He wasn’t so sure. “Granta said I was one of the futures of British novel writing. It didn’t feel like that,” reads the headline on an article he wrote for GQ. The young, Black, working-class author of experimental fiction had looked on as the literary world’s response to the list “was one of dismissal and disapproval”, with critics paying little attention to the writers’ work and “more about what the cohort ‘signified’ about the shape and direction of British literature”.
Such an experience would make some want to disappear from publishing altogether.

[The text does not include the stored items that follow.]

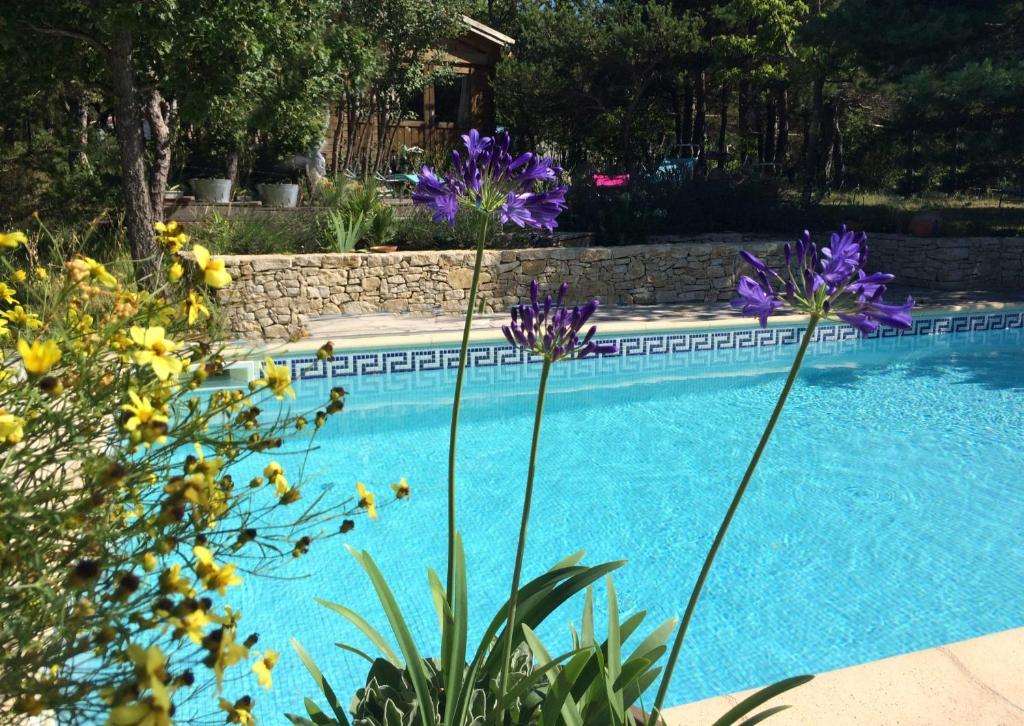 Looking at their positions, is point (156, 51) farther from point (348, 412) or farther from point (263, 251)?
point (348, 412)

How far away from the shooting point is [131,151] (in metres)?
9.08

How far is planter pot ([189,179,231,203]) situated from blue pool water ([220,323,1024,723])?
516 centimetres

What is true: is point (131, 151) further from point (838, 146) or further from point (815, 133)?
point (838, 146)

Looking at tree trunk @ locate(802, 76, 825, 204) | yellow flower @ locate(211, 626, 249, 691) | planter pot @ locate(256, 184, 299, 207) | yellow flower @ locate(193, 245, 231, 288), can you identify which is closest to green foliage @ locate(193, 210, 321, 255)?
planter pot @ locate(256, 184, 299, 207)

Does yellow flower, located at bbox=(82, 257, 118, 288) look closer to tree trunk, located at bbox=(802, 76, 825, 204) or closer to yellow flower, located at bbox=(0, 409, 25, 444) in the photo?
yellow flower, located at bbox=(0, 409, 25, 444)

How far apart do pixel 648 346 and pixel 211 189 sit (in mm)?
6362

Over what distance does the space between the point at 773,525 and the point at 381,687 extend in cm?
370

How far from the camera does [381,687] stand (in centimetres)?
224

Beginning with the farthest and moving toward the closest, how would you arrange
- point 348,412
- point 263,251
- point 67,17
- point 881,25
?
point 881,25 < point 263,251 < point 67,17 < point 348,412

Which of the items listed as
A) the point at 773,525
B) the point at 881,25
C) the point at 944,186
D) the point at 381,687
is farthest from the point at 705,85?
the point at 381,687

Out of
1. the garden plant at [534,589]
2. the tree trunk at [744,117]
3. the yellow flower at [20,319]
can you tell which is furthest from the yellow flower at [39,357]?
the tree trunk at [744,117]

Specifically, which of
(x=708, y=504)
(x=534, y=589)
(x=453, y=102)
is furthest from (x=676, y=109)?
(x=534, y=589)

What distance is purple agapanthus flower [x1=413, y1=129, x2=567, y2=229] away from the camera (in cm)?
203

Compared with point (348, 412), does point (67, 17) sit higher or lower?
higher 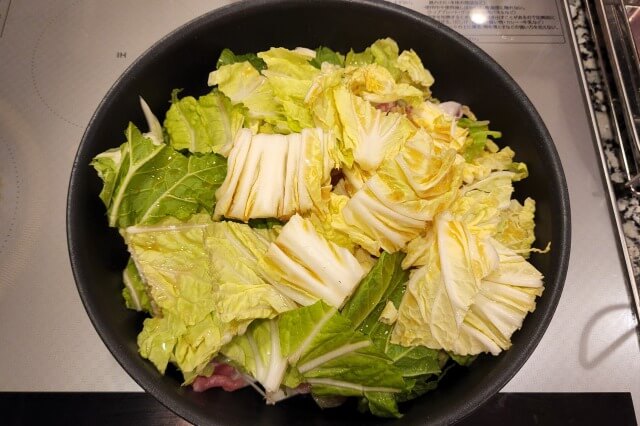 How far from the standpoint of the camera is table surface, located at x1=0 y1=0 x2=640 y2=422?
4.46ft

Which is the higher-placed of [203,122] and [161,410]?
[203,122]

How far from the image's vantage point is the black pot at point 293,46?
1014 mm

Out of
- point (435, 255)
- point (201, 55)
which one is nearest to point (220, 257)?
point (435, 255)

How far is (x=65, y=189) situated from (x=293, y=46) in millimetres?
817

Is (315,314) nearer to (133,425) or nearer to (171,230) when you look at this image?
(171,230)

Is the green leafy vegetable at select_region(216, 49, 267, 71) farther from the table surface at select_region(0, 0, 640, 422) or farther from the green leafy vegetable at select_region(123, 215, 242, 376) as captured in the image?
the table surface at select_region(0, 0, 640, 422)

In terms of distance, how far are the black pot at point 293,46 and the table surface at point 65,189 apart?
35cm

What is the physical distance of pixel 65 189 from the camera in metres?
1.54

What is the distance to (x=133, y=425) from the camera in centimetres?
129

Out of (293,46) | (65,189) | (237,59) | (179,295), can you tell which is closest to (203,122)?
(237,59)

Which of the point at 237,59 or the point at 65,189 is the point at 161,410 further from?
the point at 237,59

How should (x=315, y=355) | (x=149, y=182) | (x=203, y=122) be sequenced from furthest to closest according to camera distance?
(x=203, y=122), (x=149, y=182), (x=315, y=355)

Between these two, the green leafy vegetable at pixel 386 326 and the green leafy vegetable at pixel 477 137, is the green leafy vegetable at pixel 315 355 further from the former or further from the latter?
the green leafy vegetable at pixel 477 137

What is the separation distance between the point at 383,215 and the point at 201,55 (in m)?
0.64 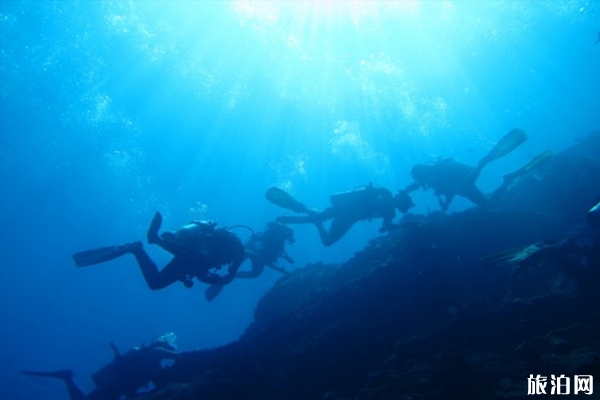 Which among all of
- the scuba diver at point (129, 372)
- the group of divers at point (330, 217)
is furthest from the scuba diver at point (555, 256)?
the scuba diver at point (129, 372)

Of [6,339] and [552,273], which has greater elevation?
[6,339]

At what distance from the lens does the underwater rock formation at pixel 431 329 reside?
4.80 meters

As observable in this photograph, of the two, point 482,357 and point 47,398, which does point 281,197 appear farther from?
point 47,398

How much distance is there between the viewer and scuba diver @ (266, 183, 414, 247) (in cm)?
1134

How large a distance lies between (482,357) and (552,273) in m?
3.40

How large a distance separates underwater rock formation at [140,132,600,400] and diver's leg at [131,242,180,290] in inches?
77.4

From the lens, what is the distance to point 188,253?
8.12 metres

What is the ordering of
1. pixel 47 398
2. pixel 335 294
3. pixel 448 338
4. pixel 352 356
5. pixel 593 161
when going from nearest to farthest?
pixel 448 338
pixel 352 356
pixel 335 294
pixel 593 161
pixel 47 398

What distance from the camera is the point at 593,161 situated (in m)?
13.7

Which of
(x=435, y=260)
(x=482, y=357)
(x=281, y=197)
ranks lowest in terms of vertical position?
(x=482, y=357)

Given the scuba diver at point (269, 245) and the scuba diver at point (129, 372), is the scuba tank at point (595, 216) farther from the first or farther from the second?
the scuba diver at point (129, 372)

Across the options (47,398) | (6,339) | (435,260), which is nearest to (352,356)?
(435,260)

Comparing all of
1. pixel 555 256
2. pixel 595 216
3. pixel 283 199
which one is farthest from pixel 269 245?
pixel 595 216

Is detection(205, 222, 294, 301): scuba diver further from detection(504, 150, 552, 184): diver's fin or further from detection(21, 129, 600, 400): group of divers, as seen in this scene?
detection(504, 150, 552, 184): diver's fin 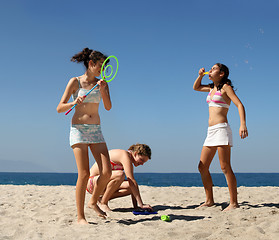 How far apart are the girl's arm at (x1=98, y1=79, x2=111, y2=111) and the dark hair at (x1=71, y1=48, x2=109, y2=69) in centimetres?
35

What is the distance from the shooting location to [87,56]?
13.0 ft

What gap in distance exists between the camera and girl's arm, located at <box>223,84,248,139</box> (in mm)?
4109

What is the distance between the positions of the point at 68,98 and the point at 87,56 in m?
0.64

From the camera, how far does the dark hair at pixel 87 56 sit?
3.89m

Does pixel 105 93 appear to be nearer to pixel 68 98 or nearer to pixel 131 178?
pixel 68 98

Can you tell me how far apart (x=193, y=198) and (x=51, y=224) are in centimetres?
336

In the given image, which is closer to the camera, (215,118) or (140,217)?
(140,217)

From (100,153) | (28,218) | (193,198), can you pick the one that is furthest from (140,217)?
(193,198)

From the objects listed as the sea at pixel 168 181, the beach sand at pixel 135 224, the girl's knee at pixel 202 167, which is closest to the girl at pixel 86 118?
the beach sand at pixel 135 224

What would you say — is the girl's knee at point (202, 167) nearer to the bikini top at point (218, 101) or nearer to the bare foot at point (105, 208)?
the bikini top at point (218, 101)

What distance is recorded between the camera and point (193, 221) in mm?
3746

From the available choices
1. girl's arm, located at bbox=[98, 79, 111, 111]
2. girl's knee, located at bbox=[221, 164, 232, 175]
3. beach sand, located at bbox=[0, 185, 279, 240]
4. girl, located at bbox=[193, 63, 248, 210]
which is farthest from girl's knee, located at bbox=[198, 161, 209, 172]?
girl's arm, located at bbox=[98, 79, 111, 111]

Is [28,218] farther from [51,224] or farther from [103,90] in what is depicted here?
[103,90]

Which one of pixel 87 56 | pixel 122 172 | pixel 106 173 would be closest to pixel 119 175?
pixel 122 172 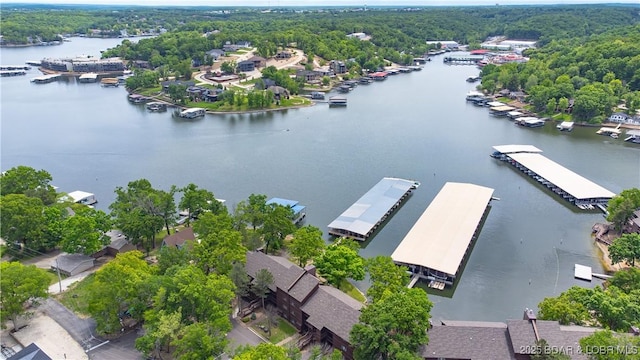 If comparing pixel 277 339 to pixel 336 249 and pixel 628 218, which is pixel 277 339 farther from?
pixel 628 218

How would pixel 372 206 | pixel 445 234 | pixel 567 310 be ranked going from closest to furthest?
pixel 567 310 < pixel 445 234 < pixel 372 206

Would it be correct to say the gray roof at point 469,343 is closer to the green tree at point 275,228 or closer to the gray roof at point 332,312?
the gray roof at point 332,312

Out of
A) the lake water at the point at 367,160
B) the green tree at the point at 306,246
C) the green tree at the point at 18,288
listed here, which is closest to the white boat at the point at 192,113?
the lake water at the point at 367,160

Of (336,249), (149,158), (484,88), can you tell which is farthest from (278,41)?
(336,249)

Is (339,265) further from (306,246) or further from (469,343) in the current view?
(469,343)

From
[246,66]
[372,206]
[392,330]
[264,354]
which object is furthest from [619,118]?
[246,66] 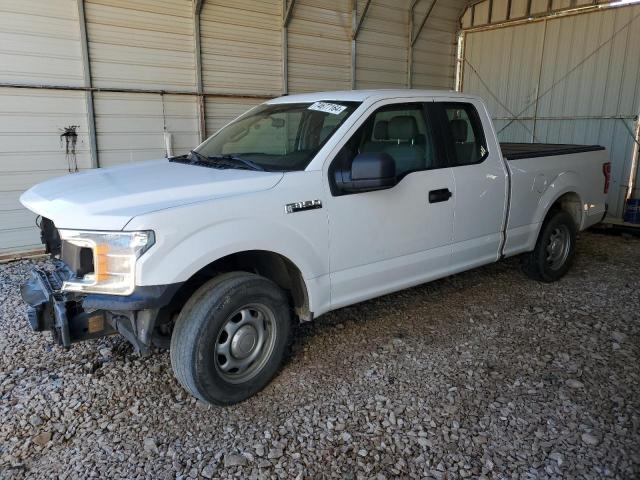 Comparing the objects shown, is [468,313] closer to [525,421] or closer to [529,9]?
[525,421]

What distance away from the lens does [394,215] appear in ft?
12.3

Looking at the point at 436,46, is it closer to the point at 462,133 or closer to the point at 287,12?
the point at 287,12

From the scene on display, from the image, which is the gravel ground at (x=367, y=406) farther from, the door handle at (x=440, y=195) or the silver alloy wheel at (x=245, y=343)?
the door handle at (x=440, y=195)

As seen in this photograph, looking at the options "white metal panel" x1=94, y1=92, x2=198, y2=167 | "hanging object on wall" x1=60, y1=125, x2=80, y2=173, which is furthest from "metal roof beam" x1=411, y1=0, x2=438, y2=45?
"hanging object on wall" x1=60, y1=125, x2=80, y2=173

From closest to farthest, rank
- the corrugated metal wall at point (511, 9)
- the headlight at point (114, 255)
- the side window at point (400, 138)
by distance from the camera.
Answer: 1. the headlight at point (114, 255)
2. the side window at point (400, 138)
3. the corrugated metal wall at point (511, 9)

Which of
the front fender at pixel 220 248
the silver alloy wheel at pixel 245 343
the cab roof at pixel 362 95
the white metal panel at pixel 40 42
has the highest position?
the white metal panel at pixel 40 42

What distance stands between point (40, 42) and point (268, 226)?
17.1ft

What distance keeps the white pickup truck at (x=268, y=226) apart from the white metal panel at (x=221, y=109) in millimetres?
3699

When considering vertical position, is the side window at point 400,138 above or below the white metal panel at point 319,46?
below

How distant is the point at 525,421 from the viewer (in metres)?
3.04

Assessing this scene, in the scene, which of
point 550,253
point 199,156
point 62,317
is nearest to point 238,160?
point 199,156

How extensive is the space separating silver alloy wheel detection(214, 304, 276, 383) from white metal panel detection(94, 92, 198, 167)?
4898mm

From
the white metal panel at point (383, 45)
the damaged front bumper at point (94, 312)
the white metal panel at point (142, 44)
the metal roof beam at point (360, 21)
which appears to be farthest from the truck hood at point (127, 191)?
the white metal panel at point (383, 45)

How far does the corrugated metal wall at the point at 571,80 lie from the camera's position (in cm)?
872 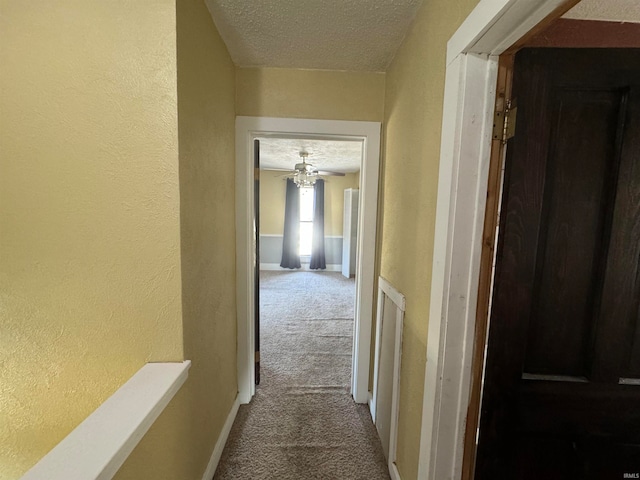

Gladly, Borderline Fiction, Owusu’s third novel, shows the author hasn’t let it alter his pursuit of crafting the mind-bending fiction his listing recognised in the first place.
Much of the novel is harsh and frenetic, with drinks, drugs and sex prominent. Yet Marcus is a loveable character
Compared with That Reminds Me, his 2019 verse-prose debut that won the Desmond Elliott Prize, and Losing the Plot, a poetic telling of his mother’s migration from Ghana to Britain, stylistically Borderline Fiction is Owusu’s most conventional novel yet — though that doesn’t mean it’s actually conventional. In alternating chapters we follow Marcus, our first-person narrator, aged 19 and aged 25. At 19 he is working in a north London gym when he meets Adwoa, with whom he becomes besotted. At 25 he is an English literature student in Bolton when he meets San and again falls in love.
In both narrative strands, Owusu chops and changes between hefty blocks of stream-of-consciousness prose and fast-paced dialogue presented without speech marks. Throughout, the language is peppered with London slang: “Adwoa looked good. Her hair was Dutch braided, two of them, actually, so she looked even more innocent, but drop to the jeans now and then turn it around and the back was a mad ting.”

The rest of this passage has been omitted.